By Elizabeth Blasius, The Architects Newspaper
The FBI Has Cracked the 30-Year-Old Case of a Stolen Marc Chagall
Thirty years after it was stolen, an early Marc Chagall has been recovered by the FBI. The painting, titled Othello and Desdemona, belonged to retired jeweler and art collector Ernest “Pick” Heller and his wife Rose “Red” Heller, and was stolen from their New York apartment back in 1988, along with numerous other paintings, sculptures, and art objects including jewelry, carpets, silverware, and Steuben china.
Sarah Cascone, artnet.com
Story of Mexican art in Chicago is the story of Chicago art
There’s a kind of Zelig quality to the new “Arte Diseno Xicago” exhibition at the National Museum of Mexican Art. Its subtitle is “Mexican Inspiration from the World's Columbian Exposition to the Civil Rights Era,” and across those 80 years this eye-opening show intersects with so many key figures in Chicago art and the culture more broadly.
By Steve Johnson, Chicago Tribune
Expo Chicago Expands 2018 Talks Program and Adds Professional Forum
The Expo Chicago art fair is expanding its programming for 2018, with an off-site edition of its “/Dialogues” discussion program at the Venice Architecture Biennale in May and, at the hometown fair in September, more talks in addition to a first-time Professionals Forum to convene specialists in mind of “managing, selling, and acquiring a contemporary collection,” according to an announcement.

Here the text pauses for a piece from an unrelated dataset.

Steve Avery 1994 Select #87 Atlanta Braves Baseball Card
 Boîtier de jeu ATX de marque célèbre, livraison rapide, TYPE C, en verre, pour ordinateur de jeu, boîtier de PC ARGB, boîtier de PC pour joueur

By Annie Armstrong, ArtNews
Louvre’s director: we are active in 75 countries
Four months after the grand inauguration of Louvre Abu Dhabi, Jean-Luc Martinez was off to Iran in March to open The Louvre in Tehran—a temporary exhibition (until 3 June). Unlike most art historians, the director of the Musée du Louvre in Paris, whose mandate was renewed for three years last week by the French president, Emmanuel Macron, does not shy away from political commitment and fully embraces the diplomatic role played by his institution.